-- EXERCISE AIM --
In the data below, one line contains "1032 Olympic Dr, Rockwall, TX 75087" and a later one contains "Шота Руставели 3/2/5". Print both, with every line between them, exactly and alone.

-- INPUT --
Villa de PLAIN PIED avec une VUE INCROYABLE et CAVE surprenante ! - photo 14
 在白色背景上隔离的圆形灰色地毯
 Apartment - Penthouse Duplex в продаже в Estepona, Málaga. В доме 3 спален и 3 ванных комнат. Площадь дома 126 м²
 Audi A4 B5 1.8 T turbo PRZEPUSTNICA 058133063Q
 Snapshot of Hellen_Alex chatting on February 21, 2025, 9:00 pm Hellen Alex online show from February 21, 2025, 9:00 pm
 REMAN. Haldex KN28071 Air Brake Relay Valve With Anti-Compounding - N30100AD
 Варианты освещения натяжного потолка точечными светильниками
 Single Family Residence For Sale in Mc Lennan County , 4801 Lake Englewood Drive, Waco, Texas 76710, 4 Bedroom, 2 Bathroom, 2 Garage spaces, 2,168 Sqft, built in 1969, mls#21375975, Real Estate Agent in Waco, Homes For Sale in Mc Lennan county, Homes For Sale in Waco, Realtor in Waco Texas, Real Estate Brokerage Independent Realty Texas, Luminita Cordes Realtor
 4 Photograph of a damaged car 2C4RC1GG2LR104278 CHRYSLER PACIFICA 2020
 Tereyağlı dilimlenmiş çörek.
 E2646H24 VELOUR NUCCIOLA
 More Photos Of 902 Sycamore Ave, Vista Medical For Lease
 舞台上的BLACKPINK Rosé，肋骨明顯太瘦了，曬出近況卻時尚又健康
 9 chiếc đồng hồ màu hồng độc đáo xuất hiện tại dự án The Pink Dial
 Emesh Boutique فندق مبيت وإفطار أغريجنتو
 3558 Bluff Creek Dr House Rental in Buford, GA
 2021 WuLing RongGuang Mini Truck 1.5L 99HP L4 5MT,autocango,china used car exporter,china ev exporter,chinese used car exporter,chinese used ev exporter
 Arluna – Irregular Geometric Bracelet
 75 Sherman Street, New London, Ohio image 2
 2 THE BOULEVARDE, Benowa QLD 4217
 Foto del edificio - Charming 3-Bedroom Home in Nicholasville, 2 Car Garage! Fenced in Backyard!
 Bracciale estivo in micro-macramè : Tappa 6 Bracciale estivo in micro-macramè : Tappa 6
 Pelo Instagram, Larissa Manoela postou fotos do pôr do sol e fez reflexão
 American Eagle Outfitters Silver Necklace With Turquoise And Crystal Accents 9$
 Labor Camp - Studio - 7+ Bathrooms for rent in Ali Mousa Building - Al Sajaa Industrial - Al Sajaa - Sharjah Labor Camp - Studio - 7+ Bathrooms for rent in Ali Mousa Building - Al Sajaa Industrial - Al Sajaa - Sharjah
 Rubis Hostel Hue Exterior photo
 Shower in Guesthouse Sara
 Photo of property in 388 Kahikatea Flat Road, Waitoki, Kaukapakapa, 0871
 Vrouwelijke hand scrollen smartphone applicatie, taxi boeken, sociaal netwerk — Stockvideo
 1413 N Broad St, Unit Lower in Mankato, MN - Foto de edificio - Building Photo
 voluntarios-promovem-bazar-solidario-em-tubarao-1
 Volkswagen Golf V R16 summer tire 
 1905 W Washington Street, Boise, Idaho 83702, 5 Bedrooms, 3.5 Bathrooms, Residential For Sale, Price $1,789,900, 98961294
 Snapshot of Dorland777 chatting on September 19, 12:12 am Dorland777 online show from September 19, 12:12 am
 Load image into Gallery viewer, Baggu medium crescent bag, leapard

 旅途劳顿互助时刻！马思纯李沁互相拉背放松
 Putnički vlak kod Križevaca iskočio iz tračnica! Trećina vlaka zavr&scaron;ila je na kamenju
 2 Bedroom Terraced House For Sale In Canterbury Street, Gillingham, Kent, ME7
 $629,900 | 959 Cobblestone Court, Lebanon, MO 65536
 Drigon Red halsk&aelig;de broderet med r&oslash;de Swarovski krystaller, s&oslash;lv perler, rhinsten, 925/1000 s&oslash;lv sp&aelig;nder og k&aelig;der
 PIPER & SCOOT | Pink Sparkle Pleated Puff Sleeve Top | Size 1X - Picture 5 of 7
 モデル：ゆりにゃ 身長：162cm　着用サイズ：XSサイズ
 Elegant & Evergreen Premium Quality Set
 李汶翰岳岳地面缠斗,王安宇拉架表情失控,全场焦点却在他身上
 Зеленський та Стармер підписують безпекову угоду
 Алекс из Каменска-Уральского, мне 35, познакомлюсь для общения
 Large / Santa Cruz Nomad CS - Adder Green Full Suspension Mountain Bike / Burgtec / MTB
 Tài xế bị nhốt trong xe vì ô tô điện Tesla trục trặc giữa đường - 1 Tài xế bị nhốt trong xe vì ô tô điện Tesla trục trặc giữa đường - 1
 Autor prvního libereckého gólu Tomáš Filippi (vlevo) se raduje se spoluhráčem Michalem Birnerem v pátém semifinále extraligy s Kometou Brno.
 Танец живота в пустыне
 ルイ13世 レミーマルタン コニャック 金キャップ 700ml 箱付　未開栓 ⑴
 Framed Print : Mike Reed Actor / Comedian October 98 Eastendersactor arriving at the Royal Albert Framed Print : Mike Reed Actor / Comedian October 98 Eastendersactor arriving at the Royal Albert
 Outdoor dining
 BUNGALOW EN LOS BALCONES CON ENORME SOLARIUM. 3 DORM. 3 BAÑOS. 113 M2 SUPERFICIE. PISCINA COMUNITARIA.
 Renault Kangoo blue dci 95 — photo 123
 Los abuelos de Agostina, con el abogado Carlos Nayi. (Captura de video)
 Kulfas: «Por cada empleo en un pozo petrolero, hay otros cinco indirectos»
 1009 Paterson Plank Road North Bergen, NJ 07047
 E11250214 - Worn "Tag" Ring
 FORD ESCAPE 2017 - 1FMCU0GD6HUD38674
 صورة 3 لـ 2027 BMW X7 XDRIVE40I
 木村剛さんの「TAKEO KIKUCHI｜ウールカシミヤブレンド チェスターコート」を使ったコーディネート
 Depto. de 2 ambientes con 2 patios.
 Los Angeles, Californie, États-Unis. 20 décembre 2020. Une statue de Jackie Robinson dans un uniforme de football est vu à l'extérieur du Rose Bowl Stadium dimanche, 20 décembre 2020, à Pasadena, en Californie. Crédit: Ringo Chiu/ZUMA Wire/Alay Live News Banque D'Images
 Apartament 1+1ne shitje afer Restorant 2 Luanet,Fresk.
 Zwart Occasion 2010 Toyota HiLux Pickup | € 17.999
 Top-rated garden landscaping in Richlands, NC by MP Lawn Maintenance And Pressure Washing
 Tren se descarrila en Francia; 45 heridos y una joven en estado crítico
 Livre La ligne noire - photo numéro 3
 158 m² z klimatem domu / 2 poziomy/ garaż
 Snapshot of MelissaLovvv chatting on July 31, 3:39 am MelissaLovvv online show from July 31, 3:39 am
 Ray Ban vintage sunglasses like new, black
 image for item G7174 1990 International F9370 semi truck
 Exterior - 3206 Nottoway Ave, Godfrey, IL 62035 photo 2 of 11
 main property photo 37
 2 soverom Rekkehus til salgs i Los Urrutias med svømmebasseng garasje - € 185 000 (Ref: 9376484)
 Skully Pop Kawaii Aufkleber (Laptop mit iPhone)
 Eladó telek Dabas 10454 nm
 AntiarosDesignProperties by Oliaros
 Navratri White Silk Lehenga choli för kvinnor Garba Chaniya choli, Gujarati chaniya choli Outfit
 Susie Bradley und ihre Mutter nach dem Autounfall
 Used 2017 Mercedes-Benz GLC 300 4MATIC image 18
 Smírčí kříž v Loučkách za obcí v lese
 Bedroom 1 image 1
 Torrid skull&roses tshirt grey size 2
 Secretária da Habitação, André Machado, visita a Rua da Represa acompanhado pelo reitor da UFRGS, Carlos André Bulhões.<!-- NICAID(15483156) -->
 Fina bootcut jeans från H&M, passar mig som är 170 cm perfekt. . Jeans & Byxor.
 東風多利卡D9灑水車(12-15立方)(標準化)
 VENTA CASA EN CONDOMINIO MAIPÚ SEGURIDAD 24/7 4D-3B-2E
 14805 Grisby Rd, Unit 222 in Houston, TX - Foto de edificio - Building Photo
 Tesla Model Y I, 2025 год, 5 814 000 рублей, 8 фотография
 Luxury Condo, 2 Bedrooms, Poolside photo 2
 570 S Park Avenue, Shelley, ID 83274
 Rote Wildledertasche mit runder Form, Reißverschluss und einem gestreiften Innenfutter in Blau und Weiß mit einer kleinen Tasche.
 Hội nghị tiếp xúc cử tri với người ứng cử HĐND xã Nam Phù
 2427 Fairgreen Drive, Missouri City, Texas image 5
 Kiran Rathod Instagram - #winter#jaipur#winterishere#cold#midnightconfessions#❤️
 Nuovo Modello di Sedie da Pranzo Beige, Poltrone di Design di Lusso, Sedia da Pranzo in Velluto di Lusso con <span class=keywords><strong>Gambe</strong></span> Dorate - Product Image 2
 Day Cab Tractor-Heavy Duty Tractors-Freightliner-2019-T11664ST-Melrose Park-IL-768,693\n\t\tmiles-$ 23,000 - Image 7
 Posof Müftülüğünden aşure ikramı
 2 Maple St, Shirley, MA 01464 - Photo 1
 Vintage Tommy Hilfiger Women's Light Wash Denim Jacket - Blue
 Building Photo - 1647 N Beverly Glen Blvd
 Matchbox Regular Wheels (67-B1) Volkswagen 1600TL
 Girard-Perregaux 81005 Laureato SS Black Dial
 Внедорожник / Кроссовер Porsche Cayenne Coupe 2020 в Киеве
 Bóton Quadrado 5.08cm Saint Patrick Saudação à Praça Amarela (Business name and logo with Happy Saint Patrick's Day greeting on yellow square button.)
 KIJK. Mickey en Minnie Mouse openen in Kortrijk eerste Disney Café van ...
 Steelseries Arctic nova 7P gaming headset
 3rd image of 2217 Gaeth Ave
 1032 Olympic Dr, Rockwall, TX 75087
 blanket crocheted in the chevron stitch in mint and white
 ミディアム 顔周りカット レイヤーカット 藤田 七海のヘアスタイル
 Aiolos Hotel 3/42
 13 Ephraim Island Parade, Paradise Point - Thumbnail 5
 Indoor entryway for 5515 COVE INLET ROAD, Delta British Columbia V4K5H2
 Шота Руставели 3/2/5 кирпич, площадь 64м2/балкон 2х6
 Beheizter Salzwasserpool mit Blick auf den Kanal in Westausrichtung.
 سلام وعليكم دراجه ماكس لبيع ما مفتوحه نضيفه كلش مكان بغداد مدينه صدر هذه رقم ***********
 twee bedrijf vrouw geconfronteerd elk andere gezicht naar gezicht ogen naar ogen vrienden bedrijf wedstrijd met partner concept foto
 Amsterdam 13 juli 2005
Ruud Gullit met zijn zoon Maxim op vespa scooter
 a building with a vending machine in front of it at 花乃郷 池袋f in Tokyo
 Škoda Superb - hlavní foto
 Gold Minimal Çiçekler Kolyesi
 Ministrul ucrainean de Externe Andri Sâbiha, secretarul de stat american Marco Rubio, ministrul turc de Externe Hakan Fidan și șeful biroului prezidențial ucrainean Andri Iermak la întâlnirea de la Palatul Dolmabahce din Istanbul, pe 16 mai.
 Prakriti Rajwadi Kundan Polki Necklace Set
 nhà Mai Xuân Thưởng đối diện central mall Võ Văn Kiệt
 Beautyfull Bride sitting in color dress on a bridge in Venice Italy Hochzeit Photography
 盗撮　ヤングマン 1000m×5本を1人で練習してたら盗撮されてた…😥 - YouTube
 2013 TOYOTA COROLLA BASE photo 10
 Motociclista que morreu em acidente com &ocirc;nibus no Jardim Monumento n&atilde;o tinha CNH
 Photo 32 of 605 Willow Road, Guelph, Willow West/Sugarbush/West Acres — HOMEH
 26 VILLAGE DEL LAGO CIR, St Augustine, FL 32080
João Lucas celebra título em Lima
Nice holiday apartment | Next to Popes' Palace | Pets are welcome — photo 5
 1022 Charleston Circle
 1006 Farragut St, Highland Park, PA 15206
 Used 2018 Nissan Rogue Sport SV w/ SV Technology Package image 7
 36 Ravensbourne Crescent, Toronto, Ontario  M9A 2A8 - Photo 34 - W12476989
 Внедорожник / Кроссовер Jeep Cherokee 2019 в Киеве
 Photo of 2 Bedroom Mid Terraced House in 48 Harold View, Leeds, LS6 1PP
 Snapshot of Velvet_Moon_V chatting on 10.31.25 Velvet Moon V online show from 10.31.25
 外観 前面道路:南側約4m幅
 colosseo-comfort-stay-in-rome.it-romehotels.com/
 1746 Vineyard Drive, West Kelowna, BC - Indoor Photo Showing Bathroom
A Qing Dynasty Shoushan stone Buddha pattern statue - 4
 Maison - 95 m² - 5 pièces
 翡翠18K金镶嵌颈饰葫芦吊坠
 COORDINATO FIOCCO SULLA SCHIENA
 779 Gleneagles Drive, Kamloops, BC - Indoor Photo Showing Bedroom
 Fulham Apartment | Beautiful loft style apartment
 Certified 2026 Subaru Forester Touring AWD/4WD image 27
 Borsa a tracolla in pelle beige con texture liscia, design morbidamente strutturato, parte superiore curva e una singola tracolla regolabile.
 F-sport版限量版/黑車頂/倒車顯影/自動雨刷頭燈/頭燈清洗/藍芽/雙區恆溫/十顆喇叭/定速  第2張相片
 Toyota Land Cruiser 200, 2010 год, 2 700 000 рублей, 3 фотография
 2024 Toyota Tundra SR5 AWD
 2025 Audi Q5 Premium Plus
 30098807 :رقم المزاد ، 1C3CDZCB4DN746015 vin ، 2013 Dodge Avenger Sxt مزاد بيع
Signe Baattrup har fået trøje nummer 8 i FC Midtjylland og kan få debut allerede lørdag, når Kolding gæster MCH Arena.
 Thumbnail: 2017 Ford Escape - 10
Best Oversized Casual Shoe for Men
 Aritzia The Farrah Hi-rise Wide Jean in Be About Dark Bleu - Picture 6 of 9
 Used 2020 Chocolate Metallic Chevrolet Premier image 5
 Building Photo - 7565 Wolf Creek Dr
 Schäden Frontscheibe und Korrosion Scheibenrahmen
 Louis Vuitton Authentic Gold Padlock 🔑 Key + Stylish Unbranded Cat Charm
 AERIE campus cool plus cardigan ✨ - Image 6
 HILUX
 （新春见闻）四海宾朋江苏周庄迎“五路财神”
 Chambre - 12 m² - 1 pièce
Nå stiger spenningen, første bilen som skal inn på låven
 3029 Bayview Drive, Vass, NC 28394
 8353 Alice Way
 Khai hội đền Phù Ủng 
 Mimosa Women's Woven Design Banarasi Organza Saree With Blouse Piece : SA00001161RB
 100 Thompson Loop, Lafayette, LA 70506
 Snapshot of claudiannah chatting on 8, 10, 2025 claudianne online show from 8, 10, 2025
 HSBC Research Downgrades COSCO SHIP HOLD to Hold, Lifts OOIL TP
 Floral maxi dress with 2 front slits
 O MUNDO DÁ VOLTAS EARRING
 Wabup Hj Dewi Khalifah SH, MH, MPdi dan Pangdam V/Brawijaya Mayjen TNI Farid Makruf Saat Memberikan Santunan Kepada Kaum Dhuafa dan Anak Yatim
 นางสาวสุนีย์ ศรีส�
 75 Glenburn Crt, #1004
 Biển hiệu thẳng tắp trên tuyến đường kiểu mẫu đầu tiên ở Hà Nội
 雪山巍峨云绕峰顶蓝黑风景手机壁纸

-- OUTPUT OF THE EXERCISE --
 1032 Olympic Dr, Rockwall, TX 75087
 blanket crocheted in the chevron stitch in mint and white
 ミディアム 顔周りカット レイヤーカット 藤田 七海のヘアスタイル
 Aiolos Hotel 3/42
 13 Ephraim Island Parade, Paradise Point - Thumbnail 5
 Indoor entryway for 5515 COVE INLET ROAD, Delta British Columbia V4K5H2
 Шота Руставели 3/2/5 кирпич, площадь 64м2/балкон 2х6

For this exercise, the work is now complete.